No elenco, além de Patrícia Pillar como protagonista, no papel de Zuzu Angel, estão atores experientes como Ângela Vieira, Othon Bastos e Nelson Dantas, que faleceu este ano, em seu último trabalho, e os jovens e talentosos atores Leandra Leal, que vem se destacando em trabalhos na televisão e no cinema, mas ainda não recebeu um papel à altura de seu talento e Daniel de Oliveira que encantou no papel-título de Cazuza – O tempo não pára, um filme inesquecível para quem viveu a época e era admirador do poeta; será Frei Betto em Batismo de Sangue, que também fala de política à época da ditadura e interpretará Stuart Angel nesse longa-metragem que traz ainda no elenco Alexandre Borges e Luana Piovani no papel da simpática Elke Maravilha (que, aliás, faz uma ponta no filme), a modelo preferida e amiga íntima da estilista, que foi presa por protestar em sua defesa, em episódio retratado na película.

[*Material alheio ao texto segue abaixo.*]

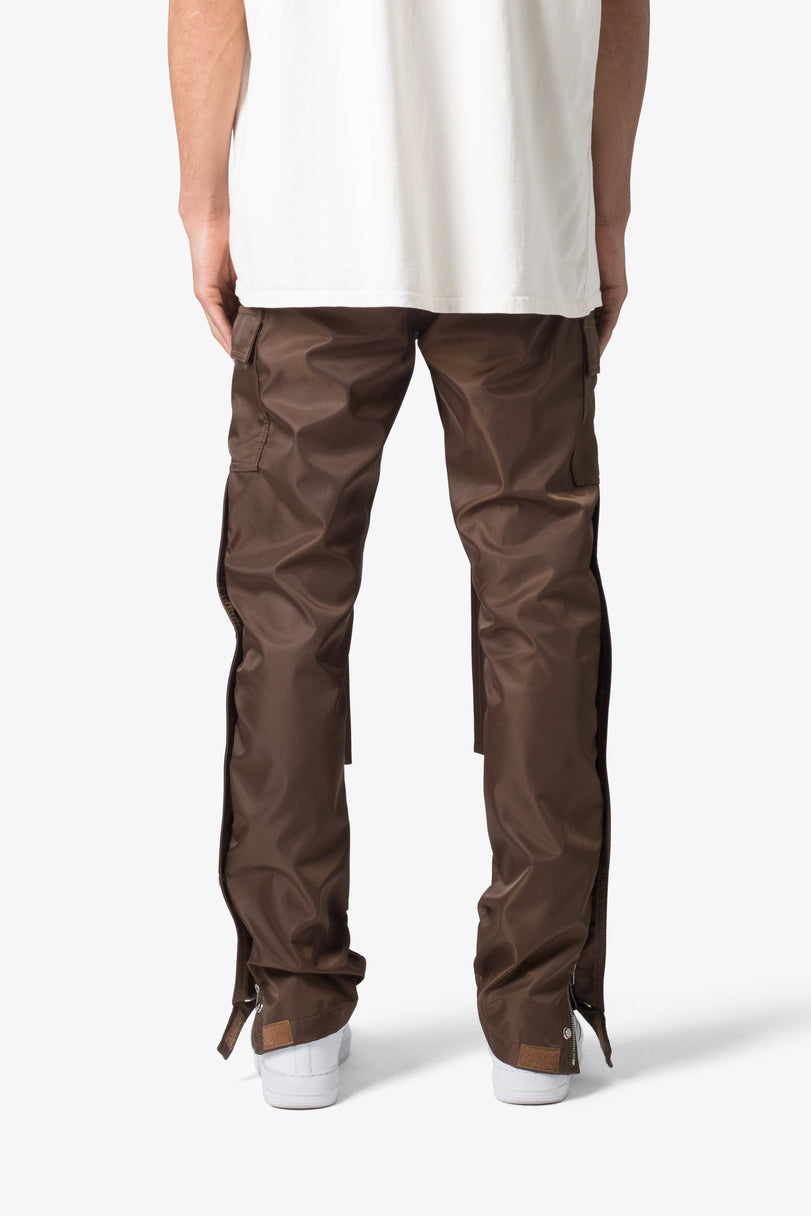 MNML-Snap Zipper II Cargo Pants-Brown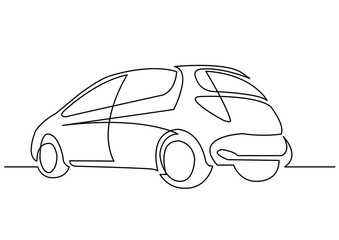 Poster - continuous line drawing of hatchback car
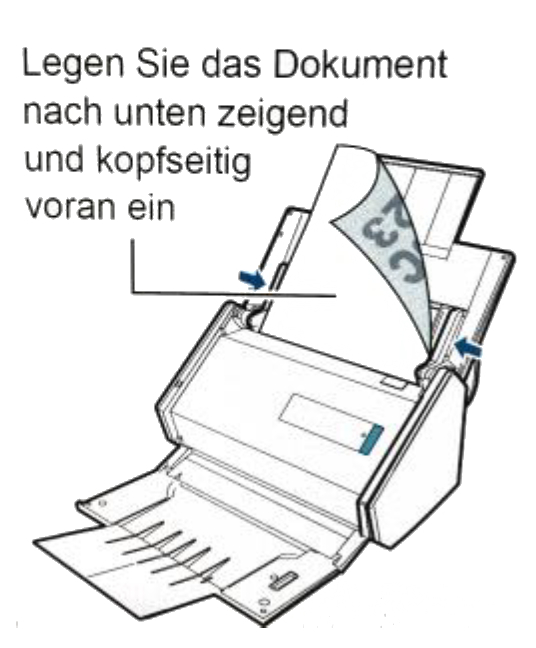 So legen Sie das Papier richtig in den Scanner ein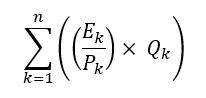 La somme des produits de la multiplication de Qk par le quotient de Ek et Pk, pour chaque flux « k » d’hydrogène, d’ammoniac ou de vapeur.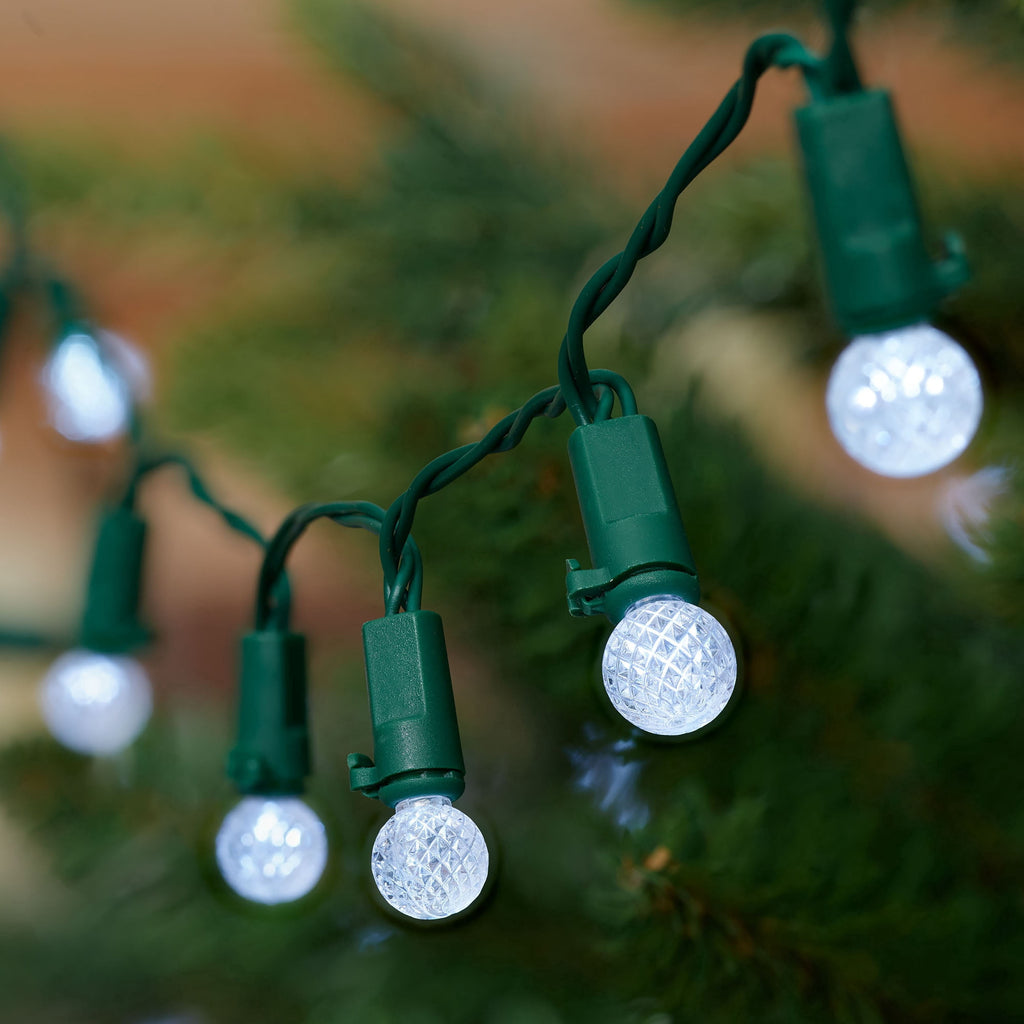 Indoor/Outdoor 50-Count LED 8-Function G12 Christmas String Lights, Warm White, Green Wire, 12.5', by Holiday Time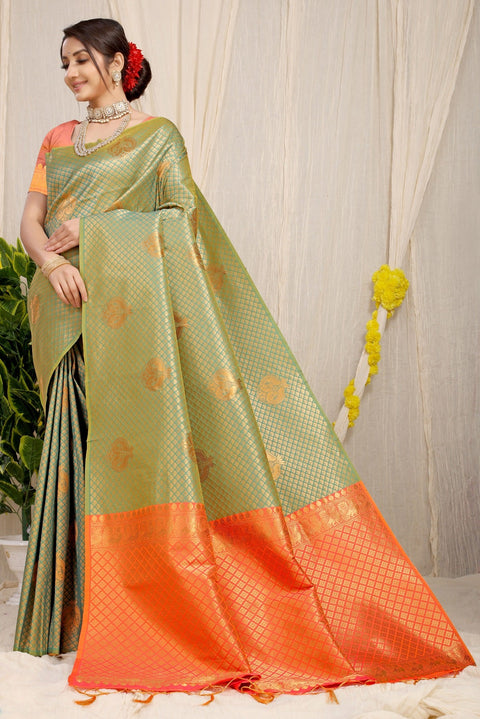 VastraLakshmi Preferable Pista Soft Silk Saree With Incredible Blouse Piece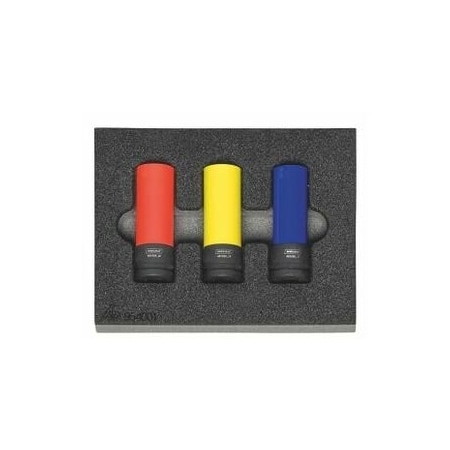 Holex 3 Pc 1/2 inch Drive Impact Socket Set in Foam, 17 mm to 21 mm 954001 3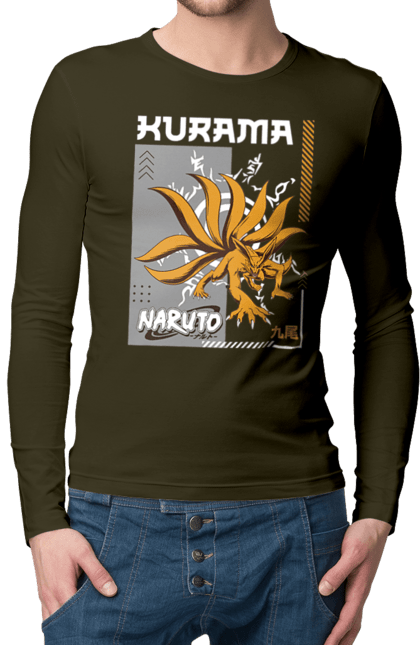 Мужской лонгслив с принтом Наруто Курама. Kurama, naruto, аниме, курама, манга, наруто, ниндзя, персонаж, сериал. 2070702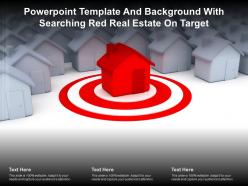 Powerpoint template and background with searching red real estate on target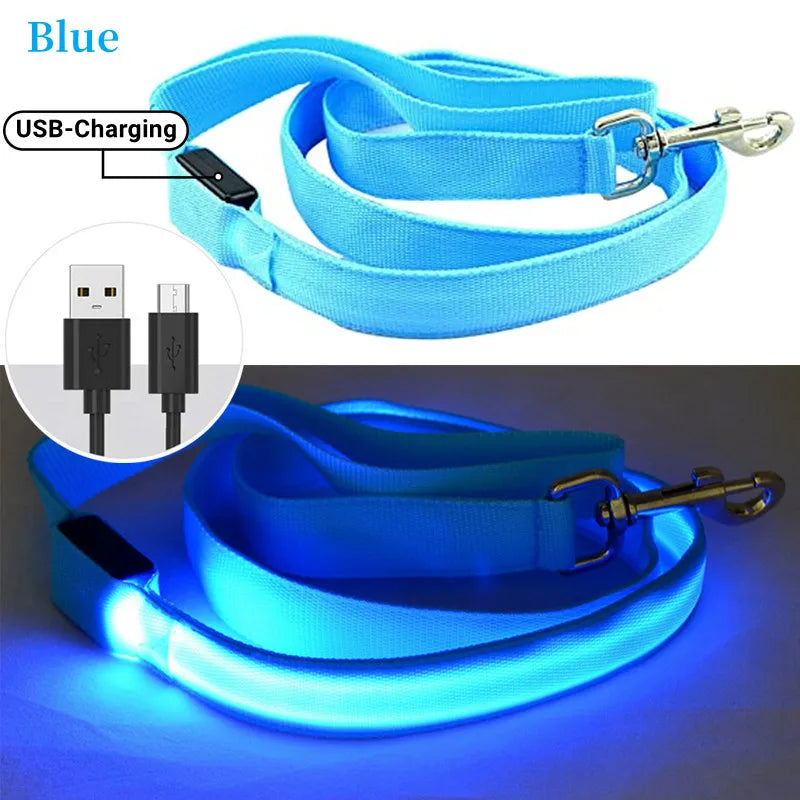 Led Pet Dog Leash Rope With Light Luminous  Lead Leash USB Charging for Dog Safety Flashing Glowing Collar Harness Accessories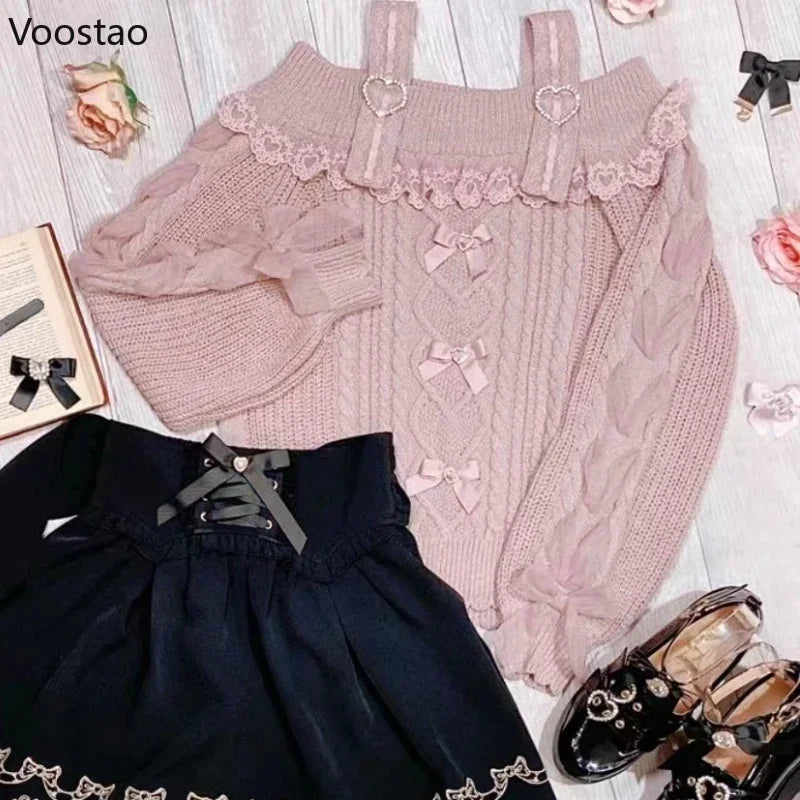 SS69 Vintage Sweet Lolita Knit Pullover with Lace Ruffles and Bows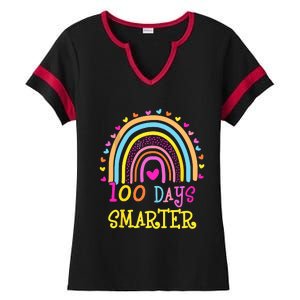 100th Day Of School Teacher Smarter Rainbow Ladies Halftime Notch Neck Tee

O filme chega em boa hora, perto das eleições, para reavivar a memória dos espectadores e para que as gerações mais novas possam saber melhor quem é essa mulher, pois a moda agora é esquecer que estilistas sem talento que costuraram o triste destino do Brasil e modelos que desfilavam na Arena daqueles tempos, vestindo-se num estilo conservador e retrógrado, e que se mantiveram na mídia até bem pouco tempo, querem, agora, voltar às passarelas, pôr novamente as mangas de fora e posar travestidos de "prafrentex", como se dizia naquele tempo.




Angélica (Miltinho - Chico Buarque)

Quem é essa mulher
Que canta sempre esse estribilho?
Só queria embalar meu filho
Que mora na escuridão do mar
Quem é essa mulher
Que canta sempre esse lamento?
Só queria lembrar o tormento
Que fez o meu filho suspirar
Quem é essa mulher
Que canta sempre o mesmo arranjo?
Só queria agasalhar meu anjo
E deixar seu corpo descansar
Quem é essa mulher
Que canta como dobra um sino?
Queria cantar por meu menino
Que ele já não pode mais cantar



Mais informações sobre o filme em:
http://www.zuzuangelofilme.com.br

5 comentários:

Anônimo disse...

conversa de liquididficador: "pô, Paulo escreve bem como que, né meu bem?"

Anônimo disse...

Paulinho, ja lhe disse pra mudar o título do seu Blog, ele é seu. Possui a sua caracteristica.. tem a sua personalidade e não poderia resultar diferente:Ele tá simplesmente emocionante, pulsante!Blog do paulinho, eis a sugestão!
Conhecendo o blog conhece-se um pouco de vc.!Bjsssssss....
Annnnnna

Anônimo disse...

Caro amico Paulino:

Lembro bem da morte de Zuzu Angel, apesar de ser ainda criança :-)) Minha mãe tinha um lenço dela que até bem pouco tempo ainda rodava por lá... como a sua história...
Parabéns pelo blog e pela sensibilidade.
Casotti

Anônimo disse...

Paulinho,
O texto sobre Zuzu Angel está excelente, como tudo que vc escreve. No filme teremos oportunidade de conhecer ainda mais esta página. Beijos em Annnnnnnnnnnnnnnnnnnnnnnnnnnnnna.

Anônimo disse...

Paulo

Você escreve c/ objetividade de engenheiro, sensibilidade de poetas, psicanalistas, artistas... e redação pra lá de Machado de Assis.